**Task to complete:**
Although the data below contains pictures, output only the lines between those holding "Papel de Embrulho" and "CEO Kelme Indonesia, Kevin", inclusive, exactly and without those pictures.

━━━ Study material ━━━

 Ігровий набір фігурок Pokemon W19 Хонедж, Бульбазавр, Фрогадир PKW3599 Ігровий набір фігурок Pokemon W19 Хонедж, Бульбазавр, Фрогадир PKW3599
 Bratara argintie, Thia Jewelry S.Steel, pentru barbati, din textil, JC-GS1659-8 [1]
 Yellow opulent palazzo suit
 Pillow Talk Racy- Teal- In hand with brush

━━━
━━━ Study material ━━━

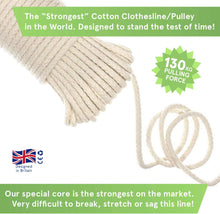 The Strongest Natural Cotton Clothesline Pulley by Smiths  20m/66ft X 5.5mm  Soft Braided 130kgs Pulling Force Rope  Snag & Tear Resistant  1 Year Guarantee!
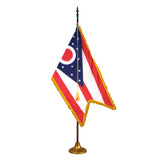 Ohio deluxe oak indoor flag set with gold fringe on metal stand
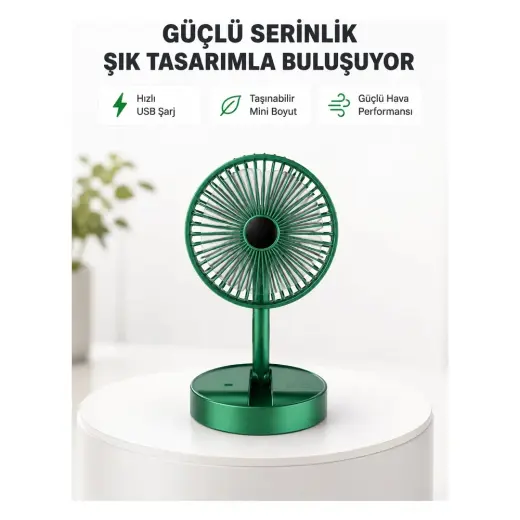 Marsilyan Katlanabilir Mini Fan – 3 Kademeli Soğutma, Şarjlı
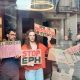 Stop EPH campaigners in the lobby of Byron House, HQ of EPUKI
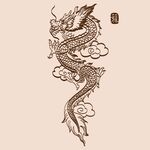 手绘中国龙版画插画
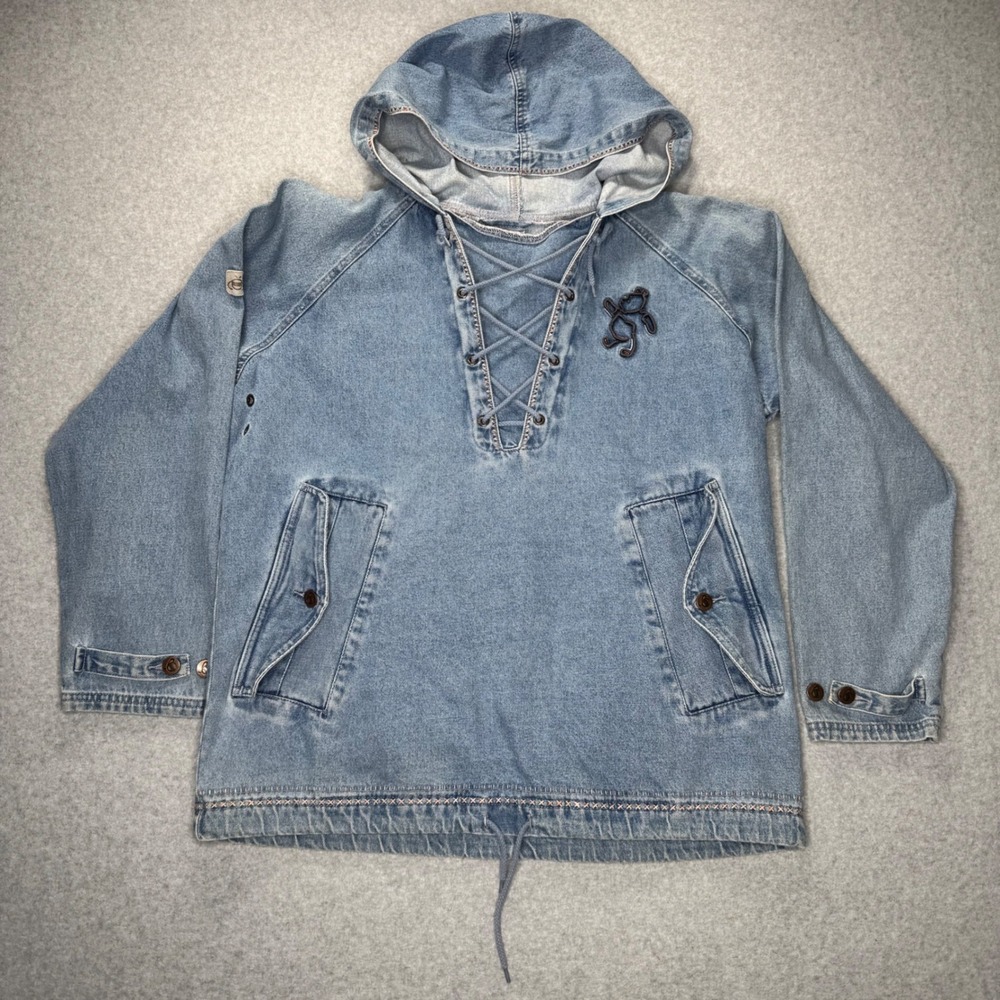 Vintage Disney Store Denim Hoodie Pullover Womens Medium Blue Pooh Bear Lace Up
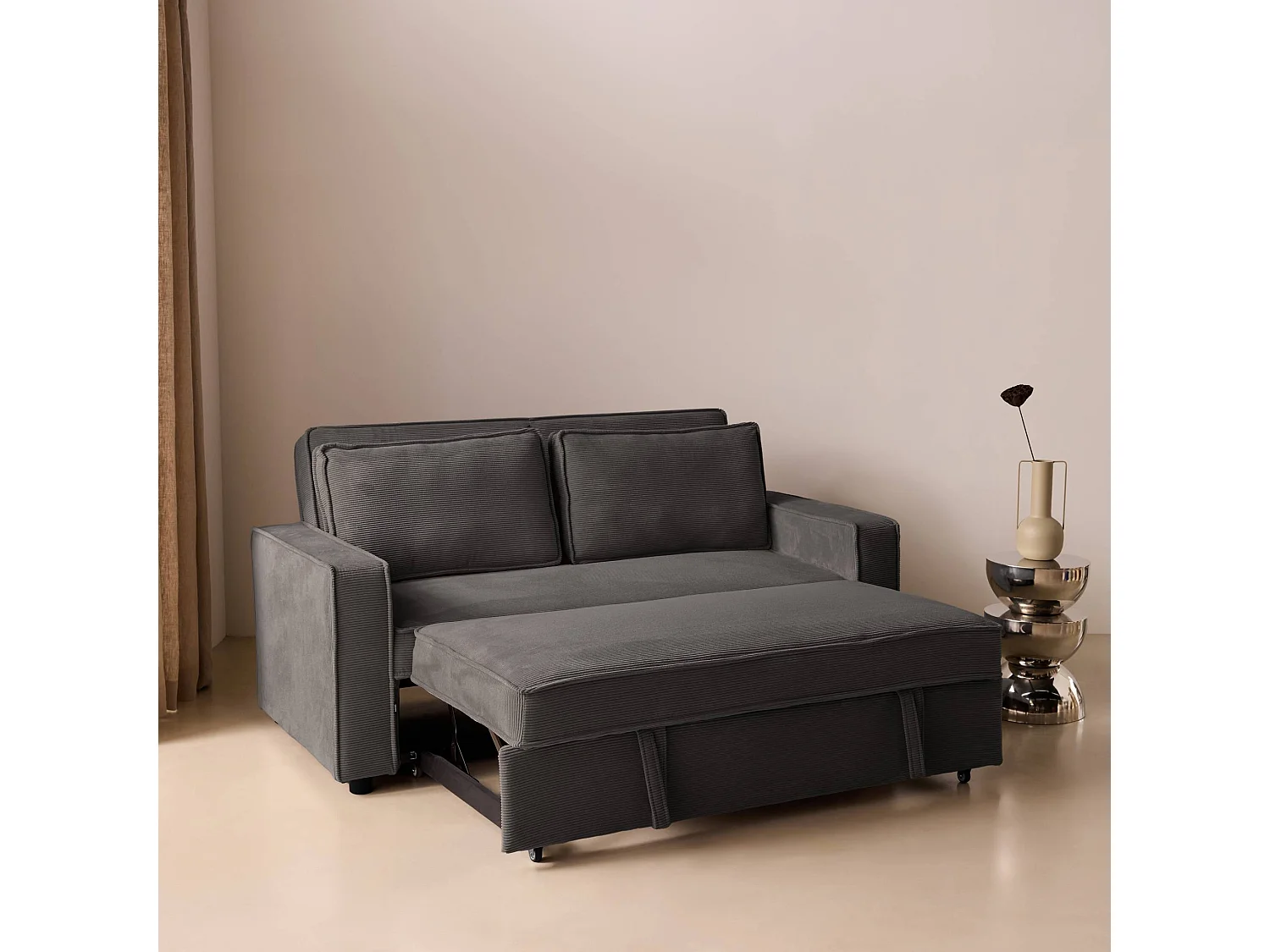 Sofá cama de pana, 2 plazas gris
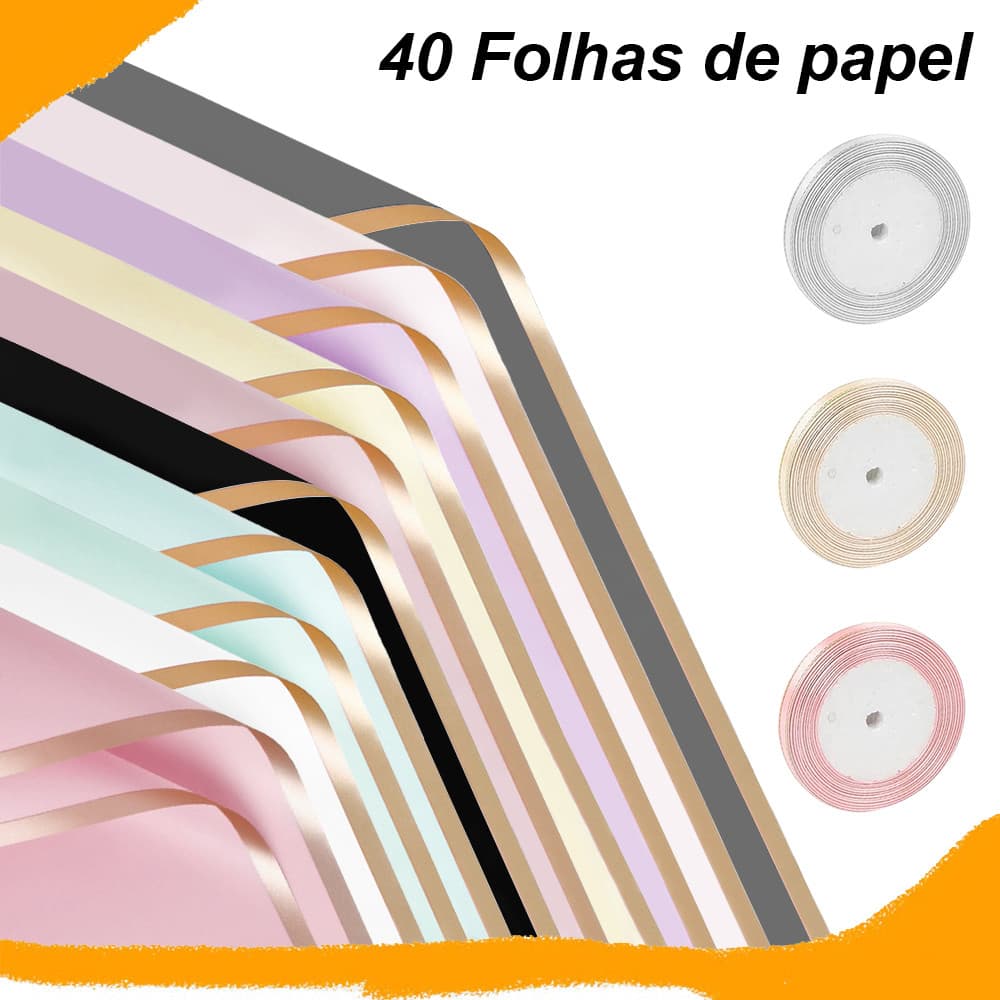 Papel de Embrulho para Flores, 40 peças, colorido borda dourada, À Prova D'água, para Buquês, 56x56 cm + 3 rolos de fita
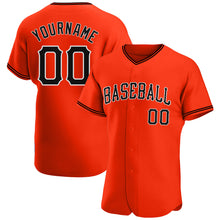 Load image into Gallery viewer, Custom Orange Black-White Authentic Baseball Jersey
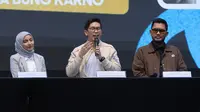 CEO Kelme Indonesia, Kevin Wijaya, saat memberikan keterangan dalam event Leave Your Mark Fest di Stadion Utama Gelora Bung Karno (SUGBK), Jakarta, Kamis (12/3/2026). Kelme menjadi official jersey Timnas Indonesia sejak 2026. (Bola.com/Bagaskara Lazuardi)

━━━

**Response box:**
 Papel de Embrulho para Flores, 40 peças, colorido borda dourada, À Prova D'água, para Buquês, 56x56 cm + 3 rolos de fita
 Load image into Gallery viewer, Custom Orange Black-White Authentic Baseball Jersey
 CEO Kelme Indonesia, Kevin Wijaya, saat memberikan keterangan dalam event Leave Your Mark Fest di Stadion Utama Gelora Bung Karno (SUGBK), Jakarta, Kamis (12/3/2026). Kelme menjadi official jersey Timnas Indonesia sejak 2026. (Bola.com/Bagaskara Lazuardi)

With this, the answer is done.